- [DATA BELOW]:
- Opening Delimiter -

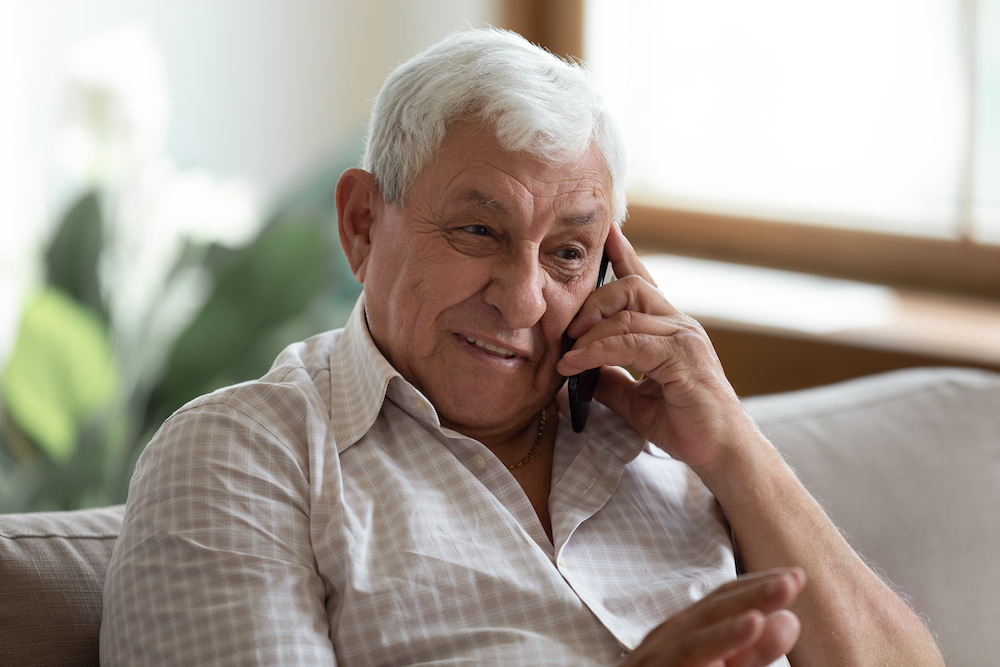 A senior man talking on the phone at memory care in Palm Springs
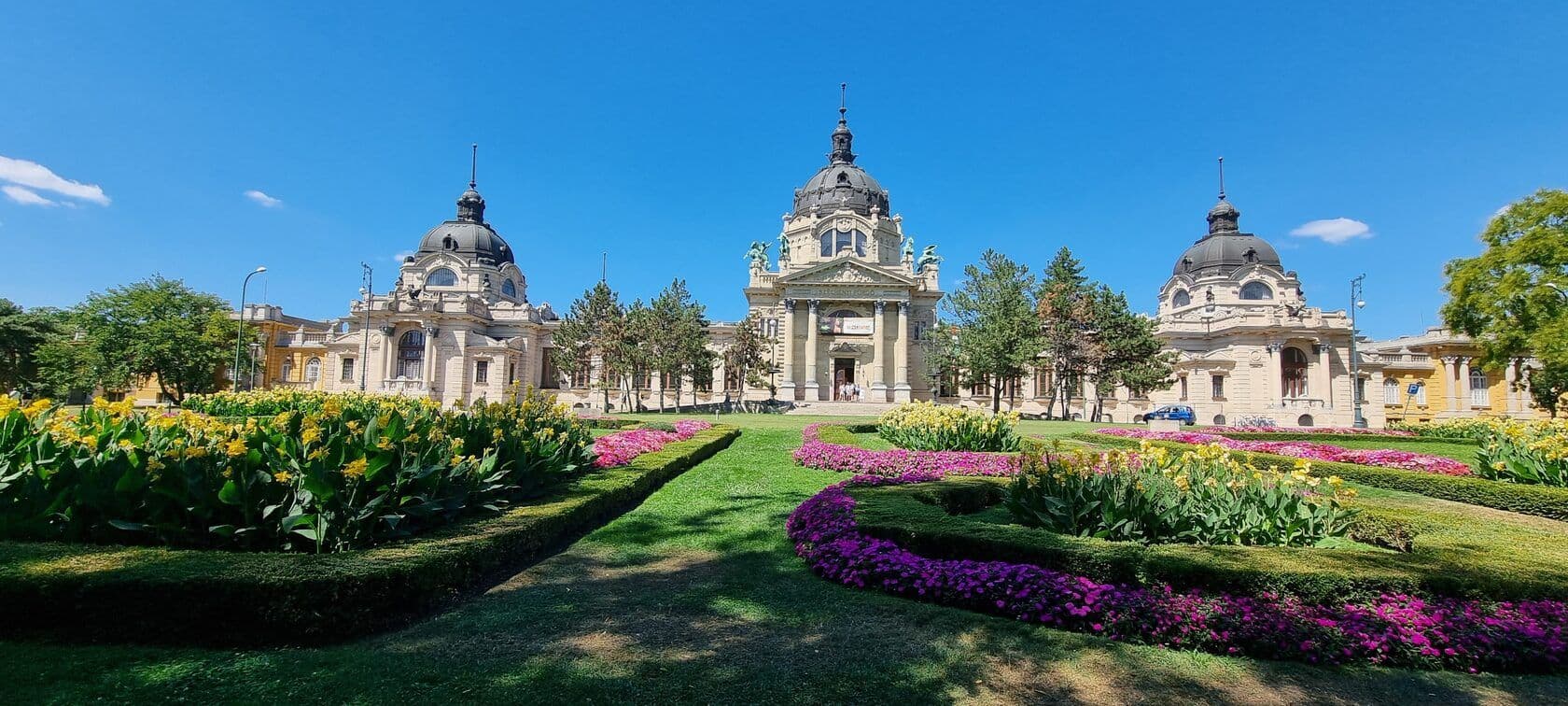 A Széchenyi fürdő impozáns épülete nyáron, népszerű családi úti cél a budapesti vakációhoz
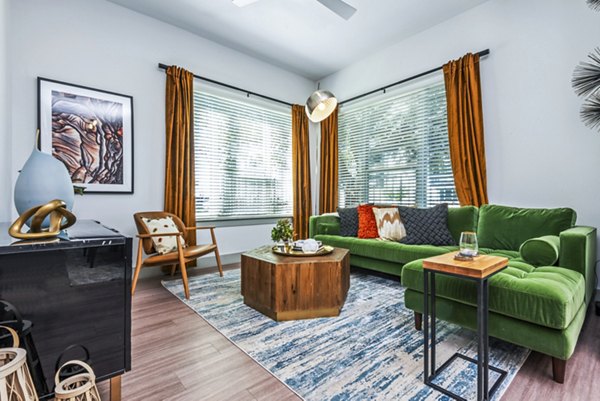 Modern living room with sleek furniture and large windows at Rhythm Apartments, a Greystar luxury property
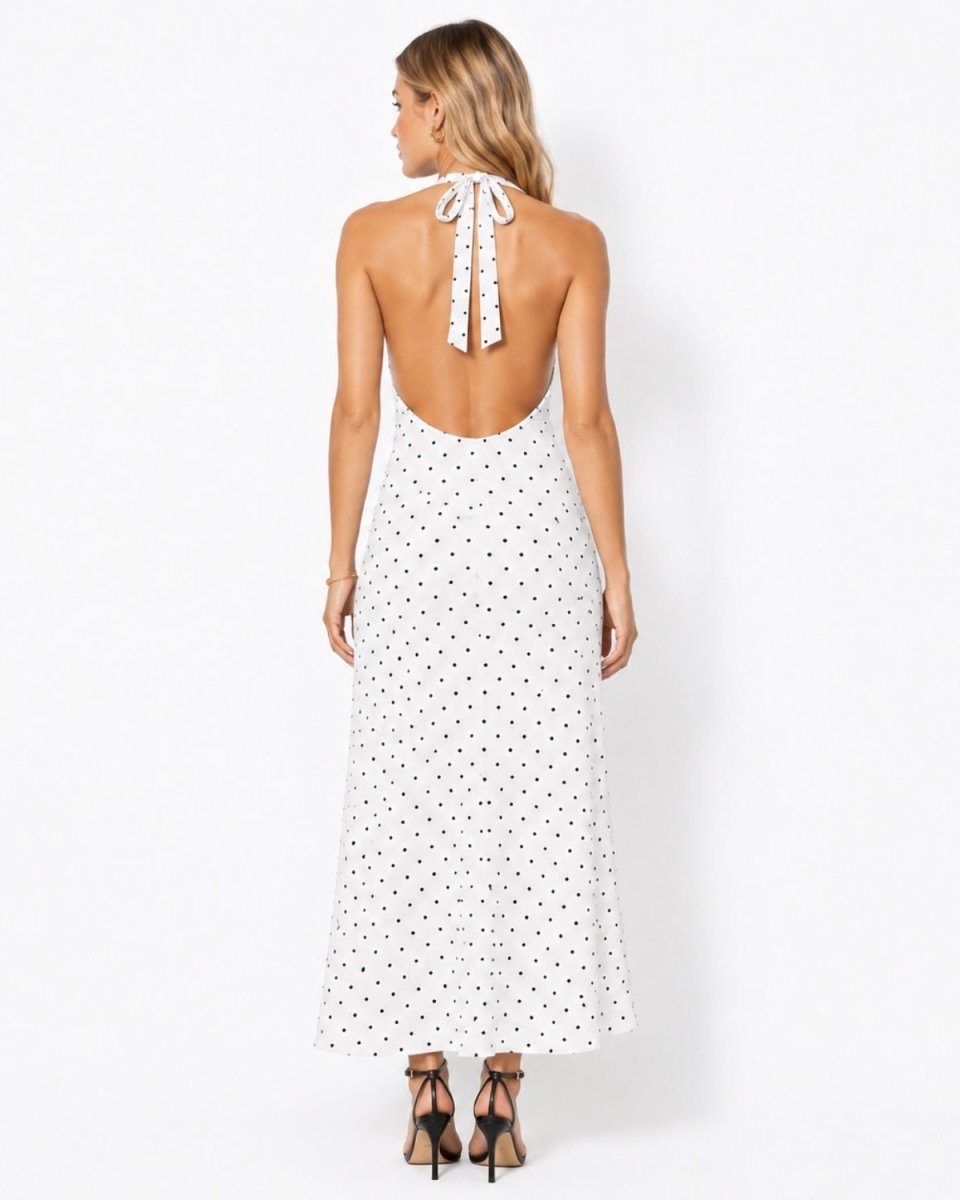 Back view of a stunning backless tie halter dress in white with black spots, highlighting the elegant bare back design.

- Closing Delimiter -

- [ASSIGNMENT]: Repeat the listing word for word, and skip every picture it contains.

- [TASK RESULT]:
 A senior man talking on the phone at memory care in Palm Springs
 A Széchenyi fürdő impozáns épülete nyáron, népszerű családi úti cél a budapesti vakációhoz
 Modern living room with sleek furniture and large windows at Rhythm Apartments, a Greystar luxury property
 Back view of a stunning backless tie halter dress in white with black spots, highlighting the elegant bare back design.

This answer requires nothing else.